If I were with them, one of the things I would be experiencing is the interesting riff between traditional downhill schussers and the new-school snowboarders. The former refer to the latter as knuckle draggers. The latter mostly ignore the former. Each tends to take sides on the split in the sport – one looking at the other in disdain and the other looking back with indifference. I understand it, but I don’t participate. I actually prefer both. I’ll choose two boards for some conditions and go with a single board under other conditions. I get enjoyment from pairing the right equipment with the right condition, like a good wine with the right entrée.

Sutton Retro Dodo

In the technology world there is something similar developing, but perhaps with less enmity. We have some folks who are all about the Enterprise 2.0 thing, and then we have another set of folks who are jumping on the Social CRM bandwagon. They tend to have different blog sites and on-line communities for sharing articles and case studies. Yet, I don’t get the need for the split.

Enterprise 2.0 seems to be all about the new age of collaboration within the organization, and the technology that supports it. You can find stories about how product development is improved with more creative input through better collaboration; customer issue resolution happens faster and better with similar collaboration; and the pursuit of deals are accelerated and converted more often again due to the collaboration of the right people at the right time.

Social CRM is more directed at customers, attempting to leverage the evolution of societal behavior onto social web platforms. As more people spend more time on Facebook and LinkedIn, it makes sense to manage brand value through social monitoring; drive prospecting through social networking; and perform in-platform customer service issue resolution right at the point where people are ranting within a tweet.

Why have these two disciplines formed as separate interests? Combined they are much more powerful. So, I my suggestion is to combine the two and call it Social Business. Harnessing both internal and external collaboration tools and processes combines the benefits of both and leverages the entire organization in the pursuit of customer business outcomes. Becoming a social business means that you utilize better collaboration internally and engage with customers on social platforms externally. The two together are the perfect combination and are starting to be combined technically within the more powerful CRM platforms.

So, don’t take sides – swing on both sides of the plate. It provides more flexibility and delivers better results. Develop your social business competencies internally and externally and harness double the power to achieve CRM program objectives more effectively.

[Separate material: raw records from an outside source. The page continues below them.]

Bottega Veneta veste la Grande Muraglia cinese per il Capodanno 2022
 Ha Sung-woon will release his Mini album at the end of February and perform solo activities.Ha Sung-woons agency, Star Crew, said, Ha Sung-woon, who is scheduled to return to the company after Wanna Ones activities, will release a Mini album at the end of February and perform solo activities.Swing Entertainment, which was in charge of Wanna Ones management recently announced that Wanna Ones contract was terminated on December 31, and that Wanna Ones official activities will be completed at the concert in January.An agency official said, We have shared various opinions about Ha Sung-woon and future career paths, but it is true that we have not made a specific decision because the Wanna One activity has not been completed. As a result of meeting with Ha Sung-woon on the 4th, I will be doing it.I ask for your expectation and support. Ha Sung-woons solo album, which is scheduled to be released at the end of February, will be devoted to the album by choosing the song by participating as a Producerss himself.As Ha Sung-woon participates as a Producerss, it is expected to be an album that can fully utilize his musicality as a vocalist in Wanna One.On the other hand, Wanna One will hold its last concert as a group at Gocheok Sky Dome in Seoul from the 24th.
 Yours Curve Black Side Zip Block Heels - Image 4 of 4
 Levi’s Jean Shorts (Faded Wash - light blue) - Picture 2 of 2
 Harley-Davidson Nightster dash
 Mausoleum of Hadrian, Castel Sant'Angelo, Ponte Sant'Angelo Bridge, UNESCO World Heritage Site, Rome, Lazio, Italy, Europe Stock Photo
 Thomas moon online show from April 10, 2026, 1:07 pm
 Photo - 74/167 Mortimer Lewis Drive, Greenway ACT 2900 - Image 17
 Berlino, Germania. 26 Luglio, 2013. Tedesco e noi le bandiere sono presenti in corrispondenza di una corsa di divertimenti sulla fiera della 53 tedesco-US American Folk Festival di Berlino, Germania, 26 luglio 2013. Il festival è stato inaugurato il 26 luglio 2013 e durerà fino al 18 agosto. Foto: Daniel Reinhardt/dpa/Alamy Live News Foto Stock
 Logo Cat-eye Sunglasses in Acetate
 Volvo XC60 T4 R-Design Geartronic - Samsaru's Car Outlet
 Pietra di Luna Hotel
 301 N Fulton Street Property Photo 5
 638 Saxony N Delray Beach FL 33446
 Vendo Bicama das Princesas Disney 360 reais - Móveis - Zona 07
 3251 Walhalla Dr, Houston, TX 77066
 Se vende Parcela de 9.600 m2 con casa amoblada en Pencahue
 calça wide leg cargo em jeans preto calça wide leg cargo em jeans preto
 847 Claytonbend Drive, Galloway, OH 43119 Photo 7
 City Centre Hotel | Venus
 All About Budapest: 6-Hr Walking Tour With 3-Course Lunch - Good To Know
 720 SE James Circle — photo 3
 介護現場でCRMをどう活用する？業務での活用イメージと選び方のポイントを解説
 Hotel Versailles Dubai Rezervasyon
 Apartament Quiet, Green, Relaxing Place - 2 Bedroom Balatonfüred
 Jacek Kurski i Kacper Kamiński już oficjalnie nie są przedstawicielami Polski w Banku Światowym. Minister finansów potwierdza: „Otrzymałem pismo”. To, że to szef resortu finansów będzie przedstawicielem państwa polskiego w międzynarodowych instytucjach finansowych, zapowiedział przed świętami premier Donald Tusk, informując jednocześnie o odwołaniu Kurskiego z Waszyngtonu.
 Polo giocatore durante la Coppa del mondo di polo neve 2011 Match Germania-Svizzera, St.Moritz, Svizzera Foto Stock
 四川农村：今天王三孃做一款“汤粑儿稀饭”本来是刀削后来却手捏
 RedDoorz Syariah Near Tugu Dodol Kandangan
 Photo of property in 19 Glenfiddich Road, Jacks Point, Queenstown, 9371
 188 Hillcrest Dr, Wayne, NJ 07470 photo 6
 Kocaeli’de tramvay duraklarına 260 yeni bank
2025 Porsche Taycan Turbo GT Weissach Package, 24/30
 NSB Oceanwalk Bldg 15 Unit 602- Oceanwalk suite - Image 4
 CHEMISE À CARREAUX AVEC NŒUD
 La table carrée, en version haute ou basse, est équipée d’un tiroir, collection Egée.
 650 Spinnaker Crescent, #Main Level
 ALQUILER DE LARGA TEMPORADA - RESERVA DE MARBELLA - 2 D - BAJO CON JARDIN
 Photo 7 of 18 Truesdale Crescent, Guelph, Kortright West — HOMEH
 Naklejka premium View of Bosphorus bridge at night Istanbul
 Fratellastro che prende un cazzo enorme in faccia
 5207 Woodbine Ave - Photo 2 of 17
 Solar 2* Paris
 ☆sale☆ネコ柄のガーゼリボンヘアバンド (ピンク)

Enjoy the snow while it lasts.

Republished with author's permission from original post.

Matthew Johnson
Matthew E. Johnson, Ph.D is a business transformation consultant focused on the use of technology to enable customer relationship excellence.


  1. Matthew, thanks for an interesting take on the unnecessary divide between “Social CRM” and “Enterprise 2.0.”

    You said it perfectly: “Becoming a social business means that you utilize better collaboration internally and engage with customers on social platforms externally.”

    That’s why on CustomerThink since 2008 we have had just one category for social/collaborative content — Social Business. And I believe that over the next few years progressive organizations will “connect the dots” with technology that will enable collaboration among customers, among employees or between customers and employees.

    And I think the use of “Social CRM” and “Enterprise 2.0” as industry buzzwords will fade.

    The technology is similar but the use cases and justification is different. That’s why “social” vendors and their customers have thus far tended to pick internal or external as a starting point. I think the software industry will evolve to more players that enable holistic collaboration, and companies will learn that it’s ok to snowboard AND ski.